Simulation system network

Table 1. Network configuration parameters
Fig. 4.
figure 4

Traveling time comparison between our approach and the greedy algorithm.

The transport network topology consists of a grid map of 5 \(\times \) 5 intersections as shown in Fig. 3, in which the vehicles are supposed to move according to the Manhattan mobility model [19]. The network has 12 RSUs placed at different intersections, the distance between two adjacent intersections is set to 0..1 km, and the maximum speed of vehicles is 60 km/h. We assume that the time required for a vehicle to cross a link between two intersections is between 5 s and 1 h depending on traffic situation.

The vehicles can communicate with road-side units through periodic messages in order to collect the traffic status information around junctions by using ITS G5 protocol (802.11p). The system configuration parameters are shown in Table 1.

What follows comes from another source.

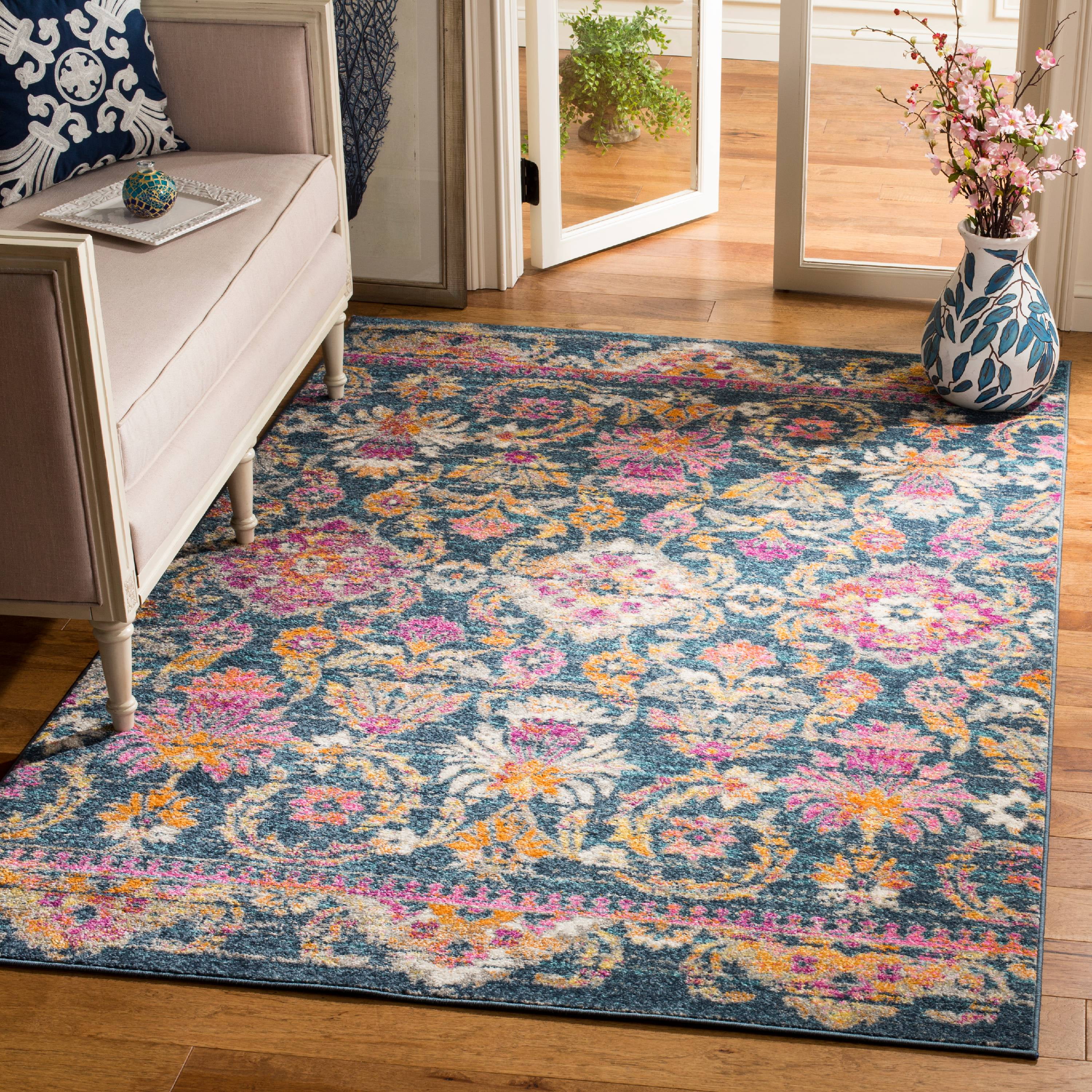 SAFAVIEH Madison Cuthbert Floral Area Rug, Blue/Fuchsia, 5'1" x 7'6"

In this simulation, the total travel time is used as performance indicator for the evaluation. This parameter represents the cumulative time spent to travel from the starting node to reach the destination one. Different values of the parameters \(\alpha \) and \(\gamma \) are experienced to fined the optimal combination that gives the best results. For this assessment, we take the parameter \(\epsilon =0.01\). Figure 4 shows the obtained results by varying the parameters \(\alpha \) and \(\gamma \).

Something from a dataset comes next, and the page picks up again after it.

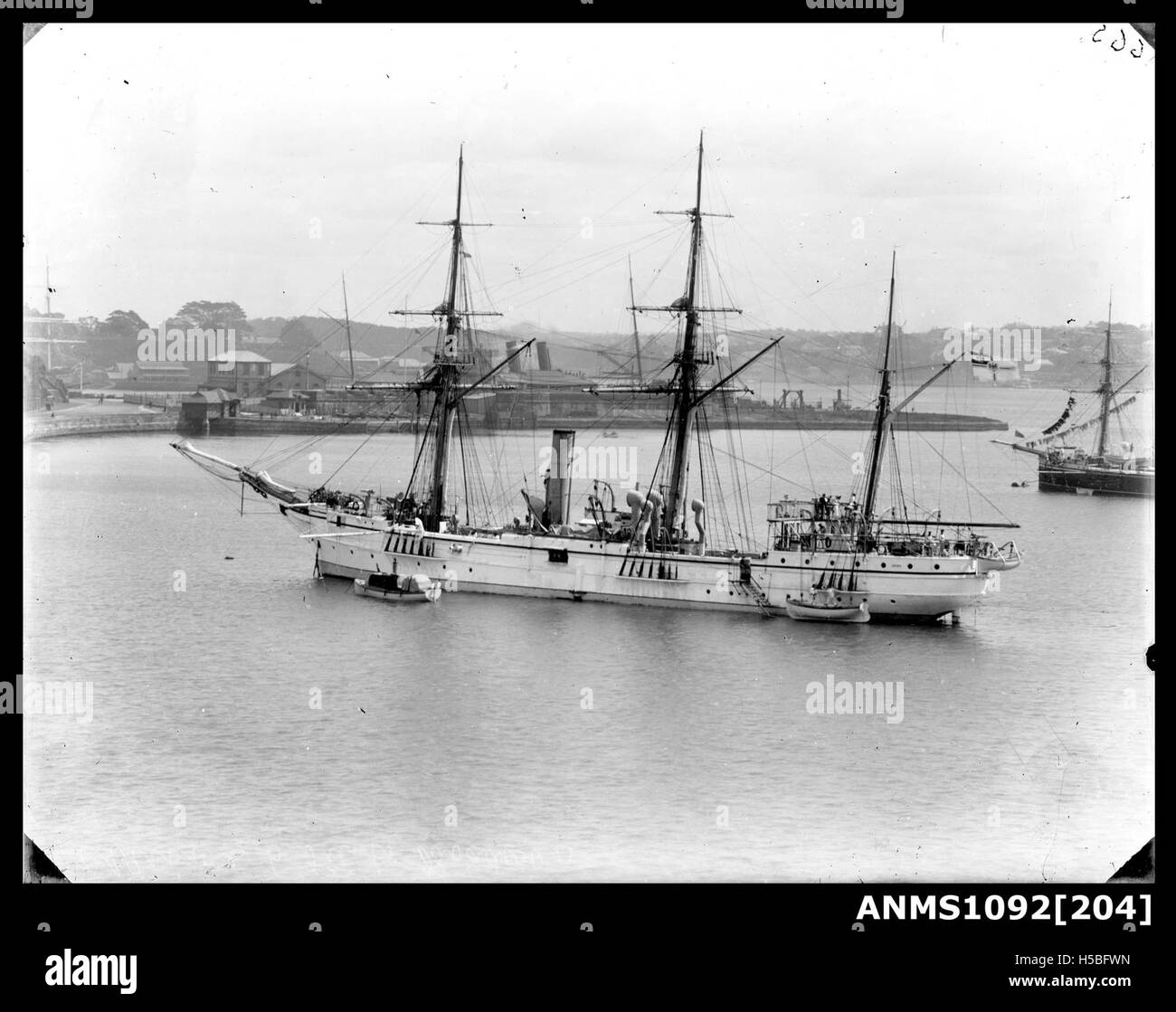 Naval vessel flying a German Imperial flag in Sydney Harbour Stock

It is important to remainder that \(\alpha \) represents the learning rate i.e. how much newly acquired information replaces old information (\(\alpha =0\) implies exploiting prior knowledge and \(\alpha =1\) means ignoring prior knowledge and considering the last recent information in order to explore other possibilities). The parameter \(\gamma \) represents the discount factor that determines how the future rewards are important. When \(\gamma \) becomes close to 0 this implies that is important to find a best path to use immediately, but when \(\gamma \) is near to 1, the driver prefers to find the best path even if this path will take more traveling episodes. The results presented in this figure show that the learning approach gives better results than using the shortest path for searching to travel. The results are specially important when \(\gamma =0.9\) in which the proposed approach gives a traveling time always better than the greedy approach. For other values of \(\gamma \), we can see that our proposition is almost better than greedy solution.

5 Conclusion

In this work, we have proposed a learning approach for traffic optimization in urban environments. The vehicles seeking to reach their destination can have the ability to learn mainly in the purpose to provide the optimal path in terms of travel time, which leads to reduce the total travel time and minimize congestion in transport network. The proposed method is based on a reinforcement learning technique, in particular Q-learning, that is used to learn the best action to take into account according to various traffic situations. The simulation results showed that the proposed Q-learning approach outperformed the greedy algorithm with better performances in terms of transit delay. As further works, we intend to improve the proposed algorithm by considering other use-cases, for example using a dynamic transition delay at the junctions or either exchanging learning data between vehicles to accelerate the process of finding the optimal path.